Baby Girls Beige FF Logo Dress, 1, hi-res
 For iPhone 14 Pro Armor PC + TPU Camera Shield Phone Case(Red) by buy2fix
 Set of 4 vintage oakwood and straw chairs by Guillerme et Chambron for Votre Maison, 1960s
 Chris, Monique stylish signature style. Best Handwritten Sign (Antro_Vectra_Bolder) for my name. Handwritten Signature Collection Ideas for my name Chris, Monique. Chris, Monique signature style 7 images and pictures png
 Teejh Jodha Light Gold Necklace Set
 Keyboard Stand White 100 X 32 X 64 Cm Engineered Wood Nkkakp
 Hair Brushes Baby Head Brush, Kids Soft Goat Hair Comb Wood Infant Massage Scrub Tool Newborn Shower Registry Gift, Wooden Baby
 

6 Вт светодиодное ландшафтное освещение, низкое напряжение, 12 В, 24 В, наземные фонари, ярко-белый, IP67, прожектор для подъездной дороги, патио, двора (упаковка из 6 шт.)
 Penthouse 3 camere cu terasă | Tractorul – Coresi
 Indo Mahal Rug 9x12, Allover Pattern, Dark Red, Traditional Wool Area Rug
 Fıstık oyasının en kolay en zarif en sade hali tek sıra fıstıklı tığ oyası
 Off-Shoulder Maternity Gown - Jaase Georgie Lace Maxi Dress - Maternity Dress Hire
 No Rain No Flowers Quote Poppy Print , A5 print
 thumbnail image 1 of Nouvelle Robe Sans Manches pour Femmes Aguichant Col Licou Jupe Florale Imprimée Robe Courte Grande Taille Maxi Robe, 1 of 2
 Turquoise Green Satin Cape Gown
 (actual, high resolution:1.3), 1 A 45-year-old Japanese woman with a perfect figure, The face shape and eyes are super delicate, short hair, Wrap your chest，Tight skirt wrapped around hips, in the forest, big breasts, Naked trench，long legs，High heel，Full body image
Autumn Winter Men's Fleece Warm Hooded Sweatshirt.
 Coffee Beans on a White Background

┄┄┄┄┄┄┄┄┄┄

**AIM OF THE EXERCISE:** The answer must be a single number: the count of lines above that contain "White".

**EXPECTED ANSWER:** 2